Here are some selected results from our peer-reviewed research paper accepted for publication at ACM/IFIP Middleware 2020. The paper includes more results than shown below, and for writes, HopsFS is on-average about 90% of the performance of EMRFS - as HopsFS has the overhead of first writing to workers who then write to S3.  HopsFS has a global worker cache (if the block is cached at any worker, clients will retrieve the data directly from the worker)  for faster reads and the HopsFS’ metadata layer is built on NDB cluster for faster metadata operations.

*Enhanced DFSIO Benchmark Results with 16 concurrent tasks reading 1GB files. For higher concurrency levels (64 tasks), the performance improvement drops from 3.4X to 1.7X.

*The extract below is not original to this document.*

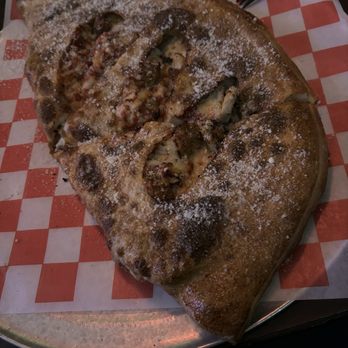 Big Lou's Pizza - Calzones with chicken,Italian sausage - Pizza Near Me - San Antonio, Texas Big Lou's Pizza - Calzones with chicken,Italian sausage - Pizza Near Me - San Antonio, Texas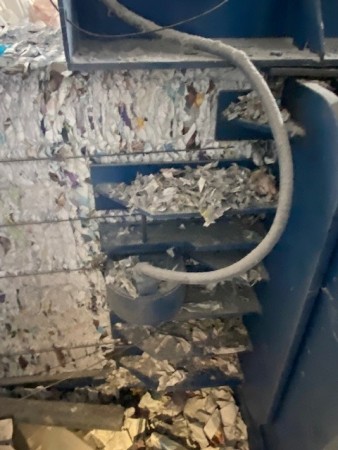 Empacadora American Auto-Tie usada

**As of November 2020, 3500 ops/sec is the maximum number of PUT/COPY/POST/DELETE per second per S3 prefix, while the maximum number of GET/HEAD requests per prefix is 5500 reads/sec. You can increase throughput in S3 by reading/writing in parallel to different prefixes, but this will probably require rewriting your application code and increasing the risk of bugs. For HopsFS (without S3), we showed that it can reach 1.6m metadata ops/sec across 3 availability zones. 

In our paper published at ICDCS, we measured the throughput of HopsFS when deployed in HA mode over 3 availability zones. Using a workload from Spotify, we compared the performance with CephFS. HopsFS (1.6M ops/sec) reaches 2X the throughput of CephFS (800K ops/sec) when both are deployed in full HA mode. CephFS, however, does not currently support storing its data in S3 buckets.

HopsFS is available as open-source (Apache V2). However, cloud-native HopsFS is currently only available as part of the hopsworks.ai platform. Hopsworks.ai is a platform for the design and operation of AI applications at scale with support for scalable compute in the form of Spark, Flink, TensorFlow, etc (comparable to Databricks or AWS EMR). You can also connect Hopsworks.ai to a Kubernetes cluster and launch jobs on Kubernetes that can read/write from HopsFS. You connect your cluster to a S3 bucket in your AWS account or on Azure to a Azure Blob Storage bucket. You can dynamically add/remove workers to/from your cluster, and the workers act as part of the HopsFS cluster - using minimal resources, but reading/writing to/from S3 or ABS on behalf of clients, providing access control, and caching blocks for faster retrieval.